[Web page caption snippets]
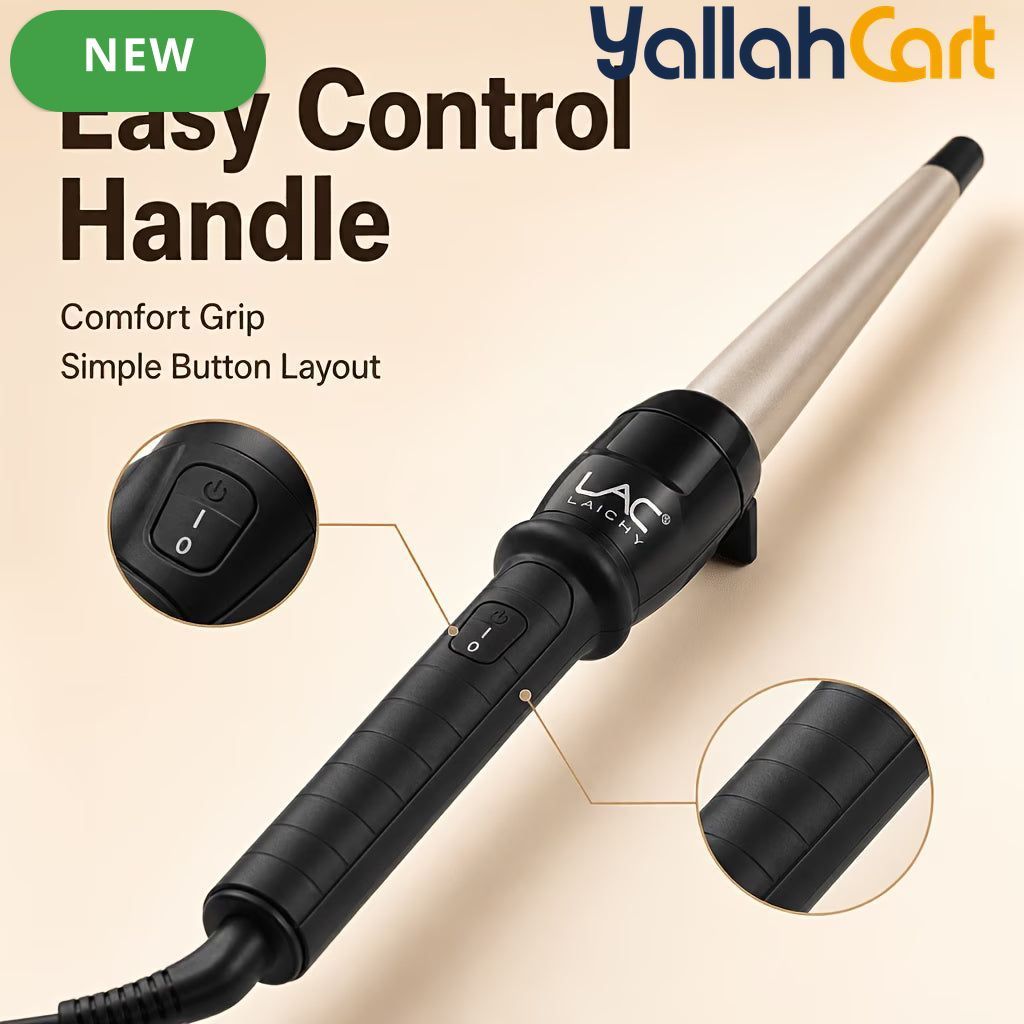 Professional Tapered Curling Wand with Negative Ion Technology – Champagne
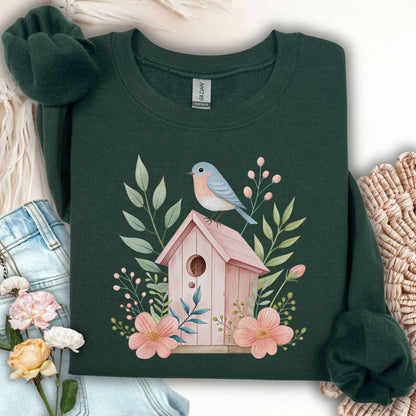 Pink Birdhouse in Bloom Sweatshirt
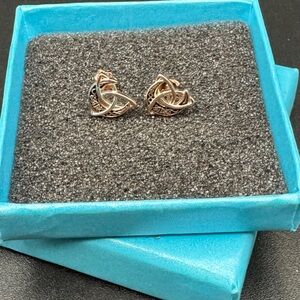 925 Gold plated Crescent Earrings Celtic Knot Triangle Vintage Stud Earrings🍀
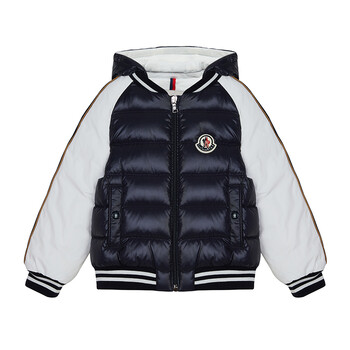 蒙口 moncler 21秋冬 奢侈品童装  儿童白色/深蓝色尼龙连帽羽绒服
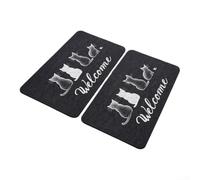 Fauhapyway Lot de 2 paillassons antidérapants pour porte de chat 40 x 60 cm | Maille en polypropylène, piège la saleté, la boue, dos en caoutchouc naturel, 40 x 60 cm, lot de 2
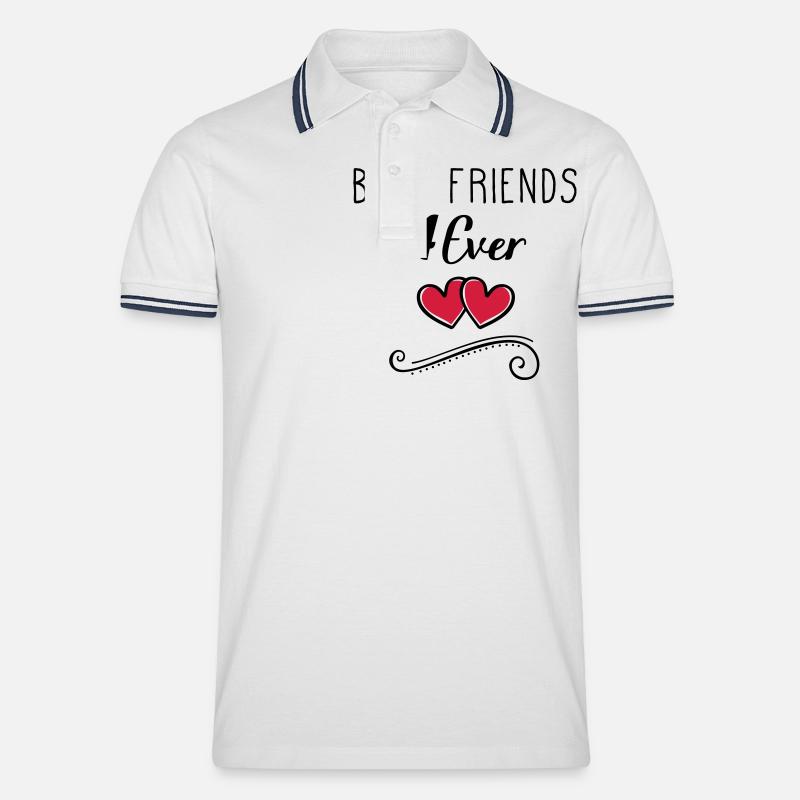 best friends 4 ever - Männer Tipped Poloshirt - Weiß/Navy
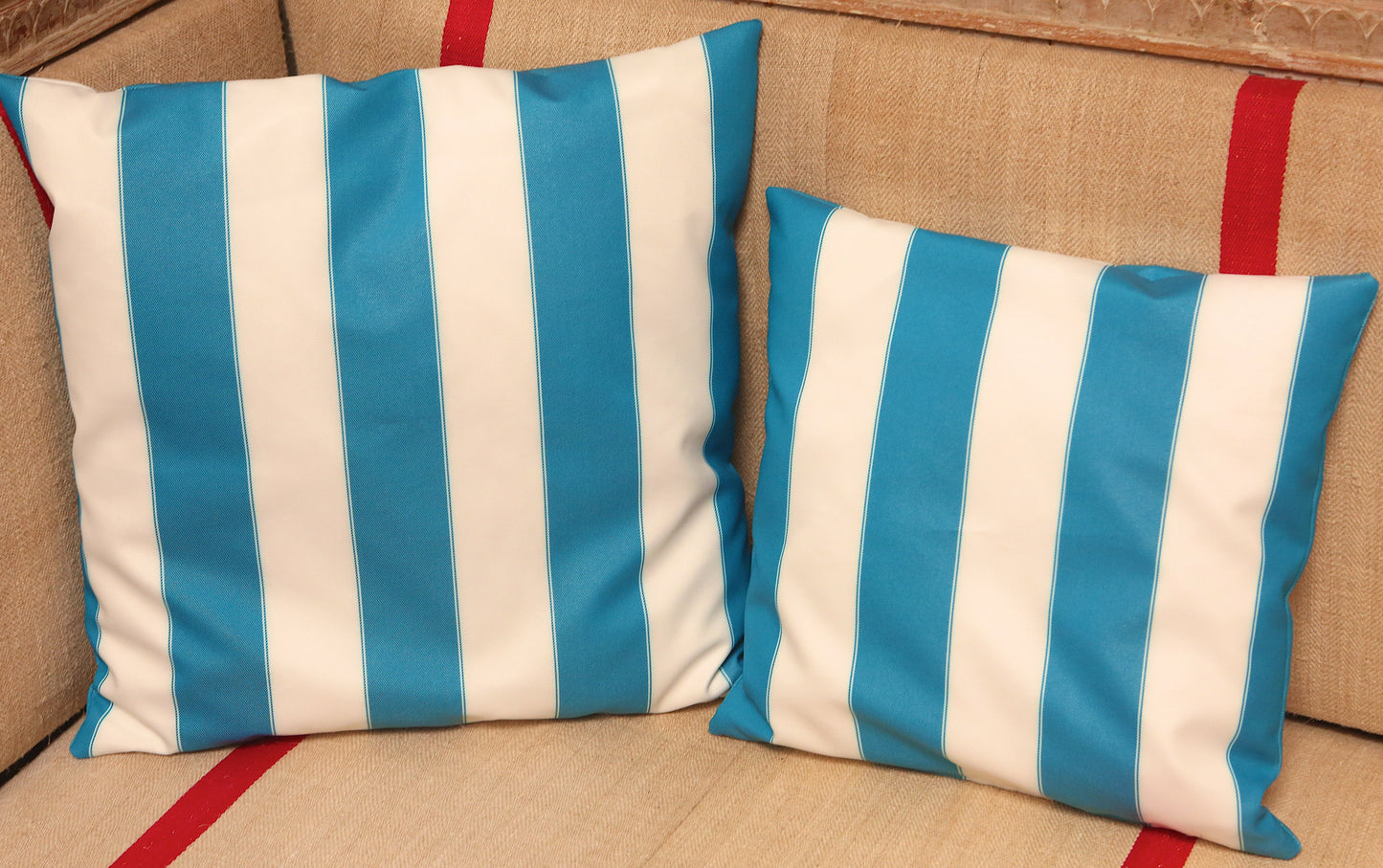 Handmade Turquoise Striped Cushion (Petite)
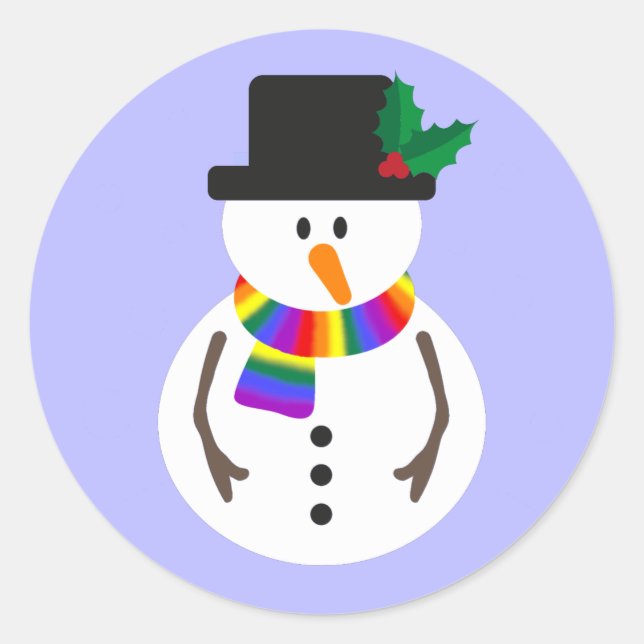Adesivo Redondo Autocolantes LGBT+ Orgulho Snowman (Frente)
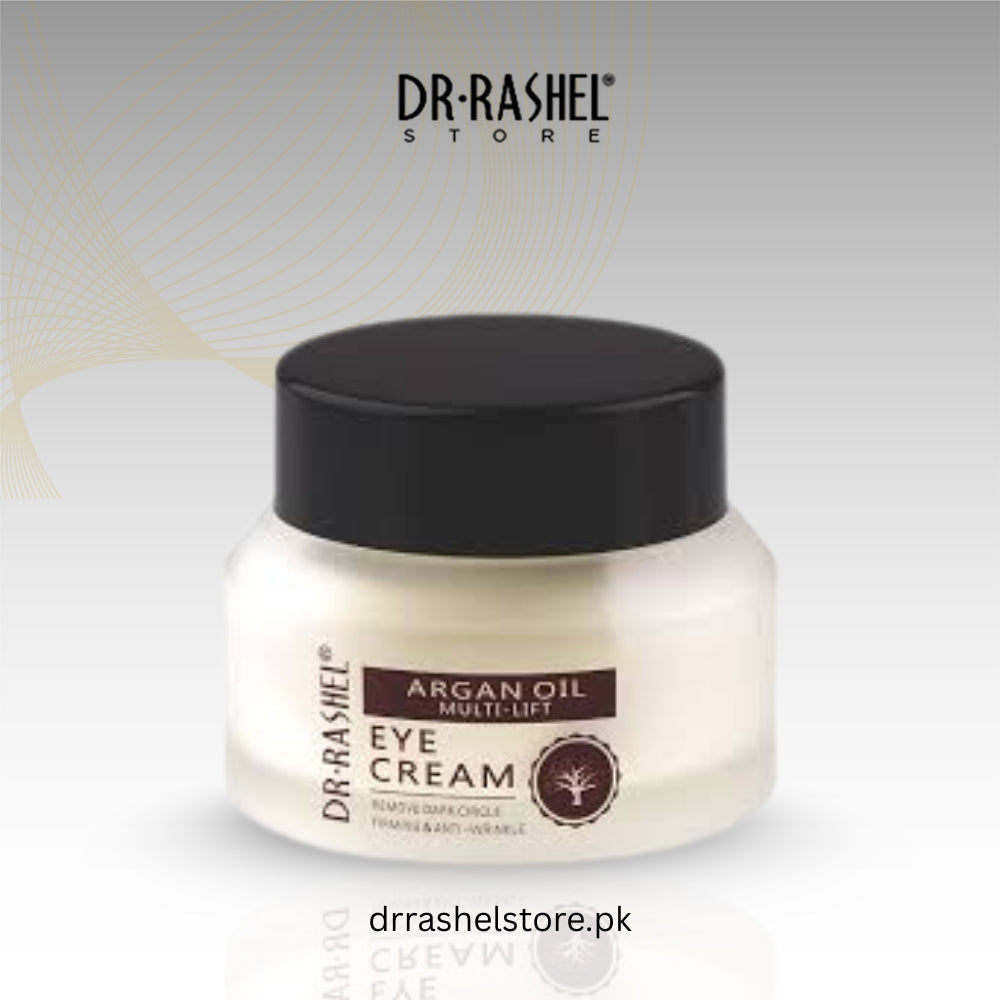 Dr. Rashel Argan Oil Multi-Lift Eye Cream jar with black lid on a light gray background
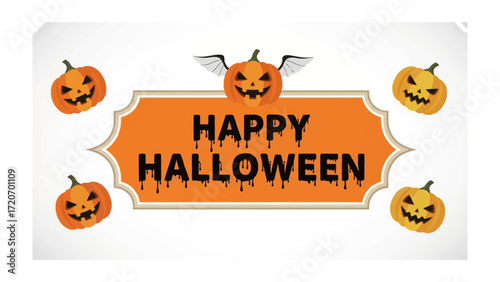 Spooky Halloween Celebration: A festive Halloween-themed scene featuring grinning jack-o'-lanterns, with the message HAPPY HALLOWEEN, capturing the essence of the spooky season.
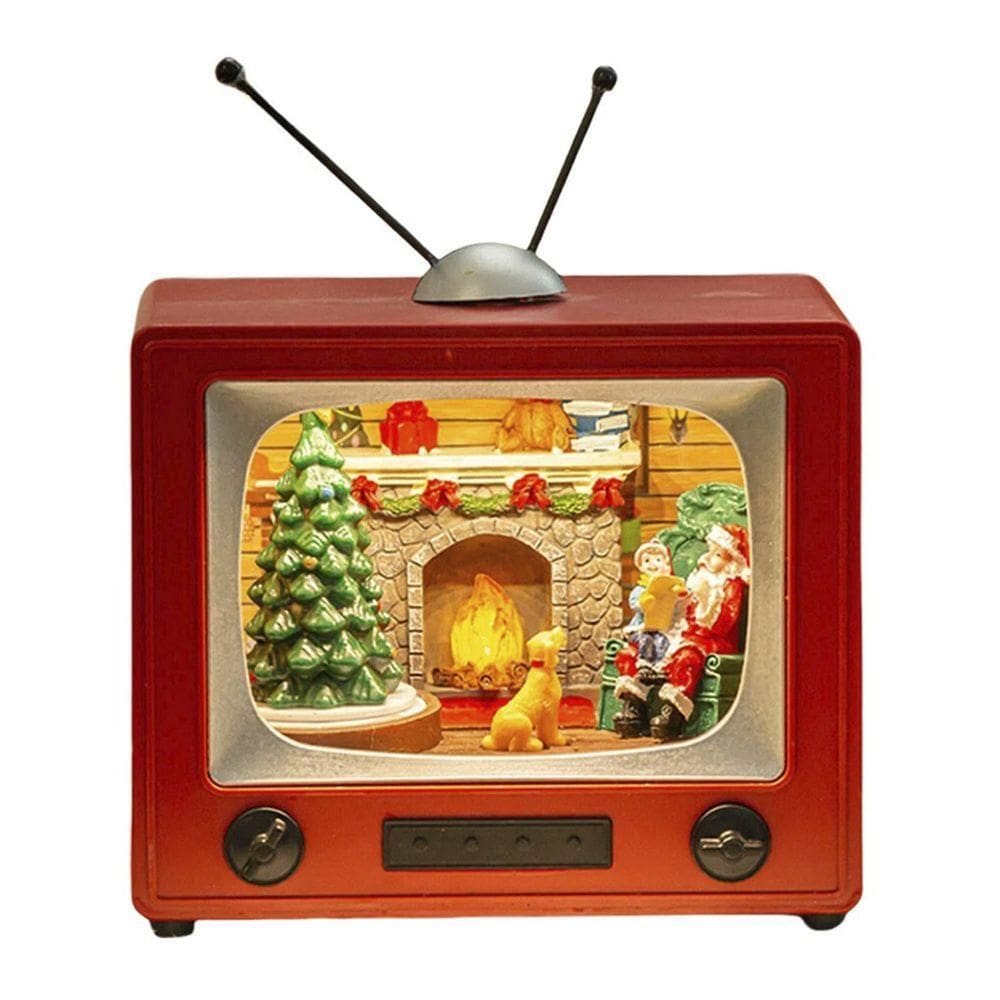 Enfeite Televisao Natal Papai Noel Arvore Natalina Decoraçao Musica Som Led Iluminaçao Mesa Recepçao Casa Fim De Ano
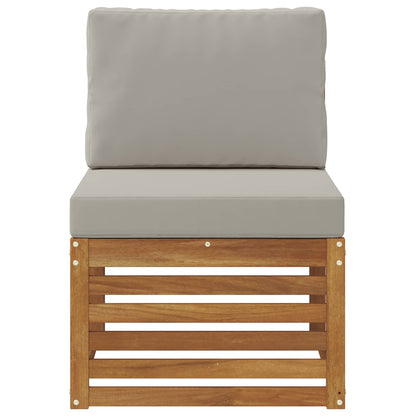 Buiten Midden Sofa Massief Acaciahout Naturel Natuurlijk en lichtgrijs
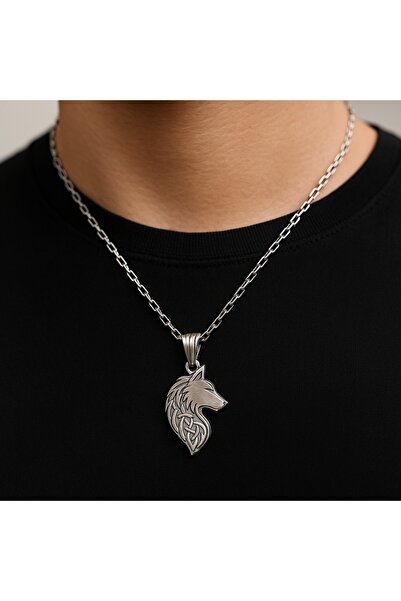 El Takı 925 Ayar Kurt Şekilli İnce Detaylı Gümüş Kolye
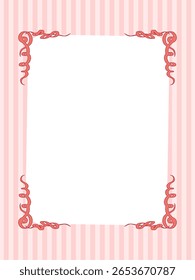 Decoração de quadro de fita de arco vintage. Mediterrâneo Amalfi Estilo Arte. Vazio Cartão de Casamento Convite Página. Itália ou Grécia vibrações românticas elegante design de linha. Borda retrô minimalista estética intemporal.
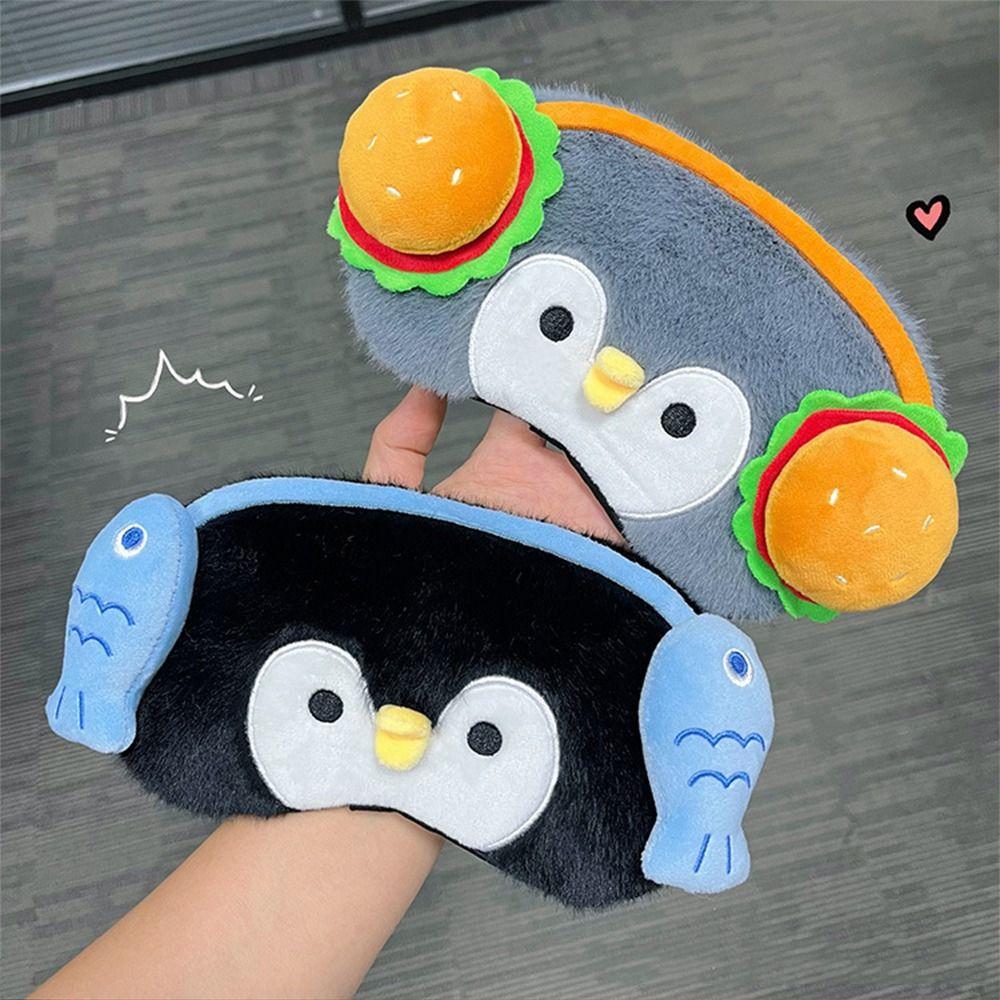 Penguin Shaped Furry Penguin Eye Shade Stretchy Plush Eye Mask Fashion Eye Shade Cover Home Sleep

WHAT YOU SHOULD DO:
Nothing but the lines above from the one that has "Enfeite Televisao Natal" down to the one that has "El Takı 925" belongs in the answer, copied exactly, without pictures.

WRITTEN SOLUTION:
 Enfeite Televisao Natal Papai Noel Arvore Natalina Decoraçao Musica Som Led Iluminaçao Mesa Recepçao Casa Fim De Ano
 Buiten Midden Sofa Massief Acaciahout Naturel Natuurlijk en lichtgrijs
 El Takı 925 Ayar Kurt Şekilli İnce Detaylı Gümüş Kolye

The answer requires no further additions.